A unique survival in the hand of Peter Martyr d'Anghiera, the first European historian of the New World. Peter Martyr was an Italian swept up in the milieu of the Spanish court, a tutor to princes, and a personal friend of the likes of Christopher Columbus, Ferdinand Magellan, and Amerigo Vespucci. It was Martyr who wrote the first accounts of Central and South America in a series of letters and reports, which were subsequently published from 1511 to 1530 in compilations referred to as his 'Decades.' Much of what is known about the looks, personality, and minds of the early explorers come from Martyr's letters, which sometimes included lively gossip. He was the first to describe contact between Europeans and Native Americans, and provided vital early insight into Pre-Columbian American civilizations; he was the first to understand the importance of the Gulf Stream, and the first European to reference India rubber.
This receipt of funds is written in Peter Martyr's own hand ("mia propria mano") while he was spending time back in Milan, attached to the Sforza family. It acknowledges the receipt of a sum of twelve imperial livres linked to the late Baptista Sfondrato, a member of the powerful Sfondrato family and another high connection of Peter Martyr's.
Between the Sforzas and the Sfondratos, already Martyr was moving in powerful circles, and at the court of Spain he witnessed the earliest years of the Age of Exploration and one of the greatest sea-changes in human history. His friendships with the great explorers of the age granted Martyr access to documents and personal interviews few others could reach, swiftly establishing him as the foremost historian of the Americas in Europe.

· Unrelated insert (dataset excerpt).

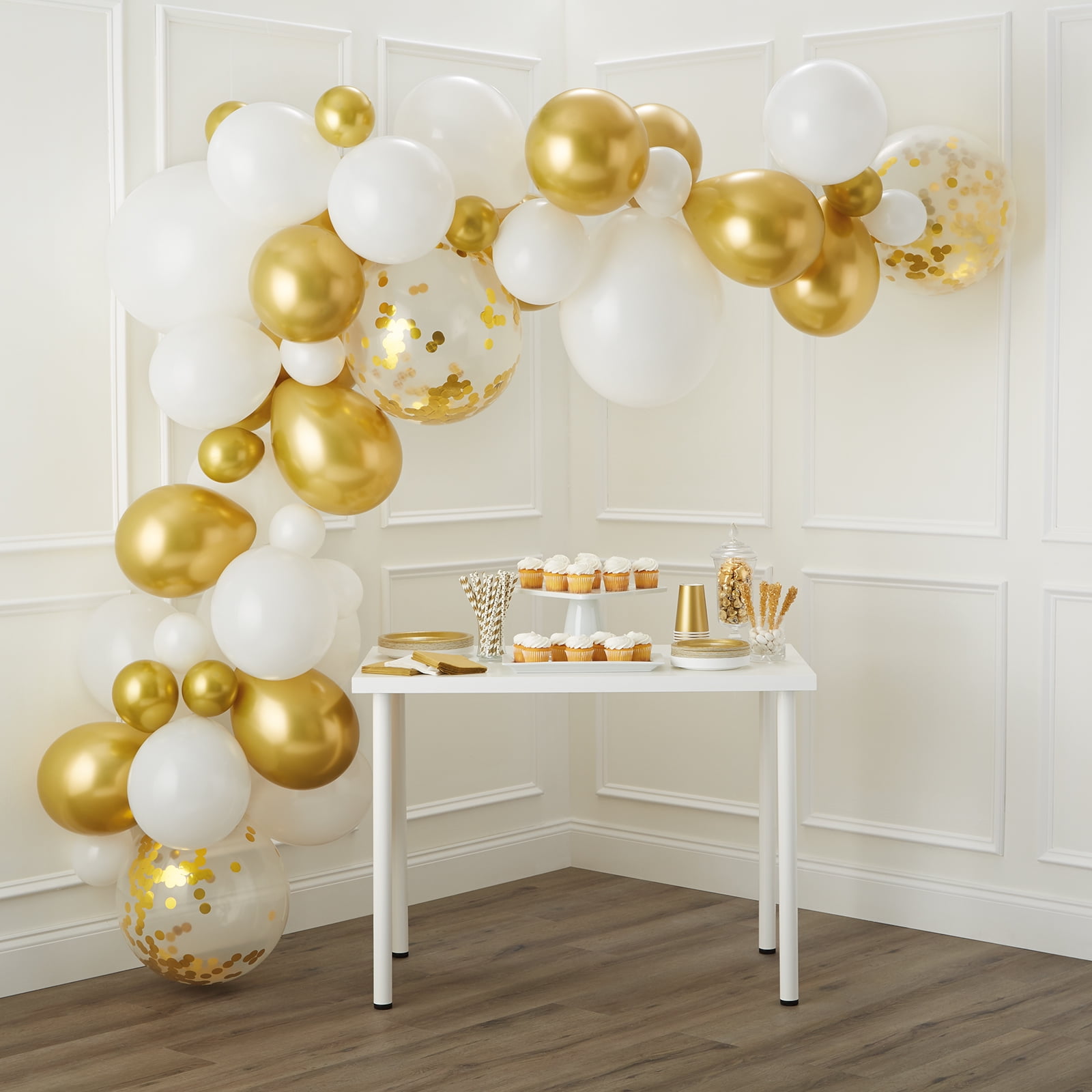 10ft Gold and White Balloon Garland Kit for Festive Celebrations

When this note was sold at Goodspeed's Book Shop in the 1970s, then-director Gordon Banks referred to it as "probably the most unusual item and perhaps the rarest that we have listed in several years." A unique text in Martyr's own hand, it helps sketch the complex web of political and personal alliances through which Martyr navigated his career. No handwritten notes by Martyr or any of his conquistador colleagues Columbus, Magellan, Vespucci can be traced on the market; as stated by Goodspeed fifty years ago, the present autograph stands alone.